Keiner würde ihr helfen, keiner es auch nur versuchen, dachte sie erzitternd vor Furcht und rang ängstlich ihre Hände.
Da berührte sie plötzlich etwas an der Schulter und sie wandte sich erschrocken wieder dem Drachen zu.
Aber der hatte sich nun ... gewandelt!
- Tatsächlich!?
Oh wie furchtbar er anzuschauen war!
Ein Dämonmensch, ganz so, wie es die Geschichten der Alten erzählten.

Ja... Ein richtiger Riese war er, fürwahr. Erschreckend groß und breit gebaut überragte er sie nun um beinahe zwei Häupter und war so stark aussehend und extrem furchteinflößend anzuschauen, mit all den weißen und schwarzen dicken Zeichungen von Feuerflamen und Runenschriften auf seinen Armen, der Brust und den Schultern, wie sie es noch nie an einem zivilisierten Menschen gesehen hatte.
Und auch seine Augen waren schwarz ummalt, beinahe bis zu den Ohren, die aber weiß schimmerten, ebenso sein Kopf und der Hals, an dem sich nur ein einziger dünner Strich in schwarz von der Brust bis hin zu seinem weißen Mund hinauf zog und die Lippen regelrecht zu spalten schien.

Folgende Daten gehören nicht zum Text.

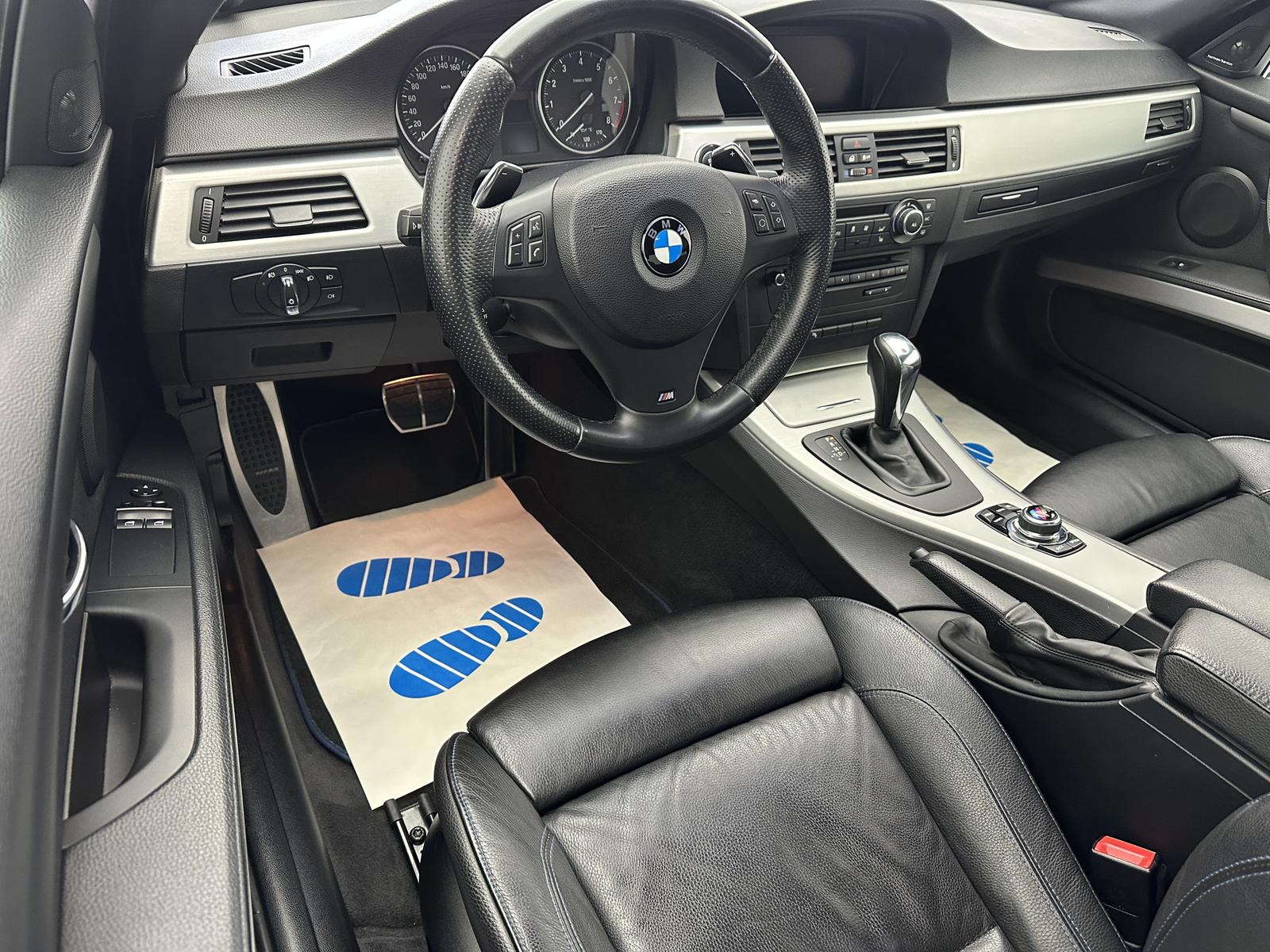 BMW 325 I M SPORT "NAVI-LEDER-SITZH-PDC-MULTI-TEMPO" | 218 ch | BVA | SYSTÈME DE NAVIGATION | CUIR INTÉGRAL | SIÈGES CHAUFFANTS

Hart schluckend starrte sie ihn erschüttert an. Wie konnte Gott denn nur eine solche Kreatur geschaffen haben?
Seine Unterarme waren schon für sich gesehen so dick wie ihre Oberschenkel. Schwarze fein gezeichnete Muster zogen sich ebenfalls dünn und beinahe unter dem Weiß der Haut unkenntlich über seine markanten Wangen hinab bis unter die Ohren. Als würde er einen kunstvoll gefertigten Helm tragen, dachte sie kurz und blinzelte erzitternd.
Die ganz feinen Muster liefen von den Ohren aus weiter den Hals hinab zu den dicken Schwarzen Flammenzungen-Symbolen auf seinen Schultern hin und dann erst die Arme weiter hinunter bis zu den Handgelenken und Fingern die entgegen aller Erwartungen blutrot gefärbt waren.
Oder war das vielleicht frisches Blut?

Er sah tatsächlich so grauenvoll aus, wie sie sich gerade fühlte, doch als sie prompt aufschreien wollte konnte sie es nicht. Ihr schnürrte es den Hals zu, vor lauter Panik. Doch musste sie ihn immer weiter ansehen.
Es war wie ein Zwang.
Seine Augen bannten sie magisch anfühlend. Er hatte nur eine lederne schwarze Weste und lange, zerfetzt aussehende Beinkleider an. Seine Füße waren bloß... und schmutzig.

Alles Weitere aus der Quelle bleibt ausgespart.